That was a good argument in 2009 but it's a bad argument now. There are currently over 100 rocket companies in the US. Having those people work on dead end technologies like SLS rather than forward looking technologies like Starship or RocketLab Neutron or Relativity Terran R or Blue Origin New Glenn etc hurts rather than helps.


> There are currently over 100 rocket companies in the US.

Zero of which are currently capable of putting a human around the Moon.


Many of which would be capable of doing so if they got a fraction of the $40B that SLS got.


They are getting fractions of that. NASA funds small missions across a wide variety of such companies. It’s how SpaceX started. It’s been one of the most effective NASA programs ever, IMO.

Prove yourself and the contracts get bigger.


By some definition of 'fraction'. They are getting basically nothing.

NASA budget is like 30% SLS/Orion for decades+.

> Prove yourself and the contracts get bigger.

If you hard allocate a huge part of the budget you can only give out so many other contracts for the best bids.


The commercial programs have seen significant expansion in scope and spending as their benefits have become clear. The lunar landing contract to SpaceX is a great example of such.

Astra, Rocket Lab, etc. have to demonstrate capability to move up the ladder.


Yeah but if NASA didn't need to spend 4-5 billion $ a year on SLS/Orion many more other projects would come available.

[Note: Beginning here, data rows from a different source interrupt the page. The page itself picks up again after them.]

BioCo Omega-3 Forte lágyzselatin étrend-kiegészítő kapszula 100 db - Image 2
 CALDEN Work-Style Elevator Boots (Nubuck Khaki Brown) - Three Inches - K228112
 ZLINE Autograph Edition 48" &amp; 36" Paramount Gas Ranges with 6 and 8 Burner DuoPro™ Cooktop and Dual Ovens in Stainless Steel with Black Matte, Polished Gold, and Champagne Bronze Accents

Again, I doubt it. NASA funding doesn't really work that way. They don't get a big bucket of funds to distribute as they please. SLS was the pet project of a number of powerful Senators, to the point where the joke is it's the "Senate Launch System", and has been specifically appropriated for by Congress.


There are ALWAYS politicians who are happy to give the money to their project. The idea that NASA budget would go down by 5 billion $ without SLS/Orion isn't really credible in my opinion. Some projects would be done, because Senators in space states wouldn't want the budget to just get lost.


A good majority of the 100 aren't getting any NASA funding.


SLS is incapable of doing so too.


Sorry, meant to say Moon.


Technically, yes, SLS can send people around the Moon, but gotta remember that Starship is very much on the critical path to the actual goal of boots on the Moon.

So, 'currently' is doing a lot of heavy lifting there, not to mention in general the idea of SLS being ready to send people to the Moon now is a bit of a stretch too since Artemis II will be ready to launch in 2024 if we're lucky, which is also when (if we're lucky), Lunar Starship should be starting its testing.


Sure, that'll bring us to 1/100.


And high-end manufacturing capability is very important to have domestically from a defense perspective.

I recall some NPR story recently about war games the US runs about a hypothetical war with China -- it was said that the US loses most of the time in these simulations. Why? A lack of industrial capability.


If SpaceX hadn't appeared then the ISS would be in an interesting spot still relying on Russian rockets.


You could also have these capabilities by not making terrible strategic and technological choices.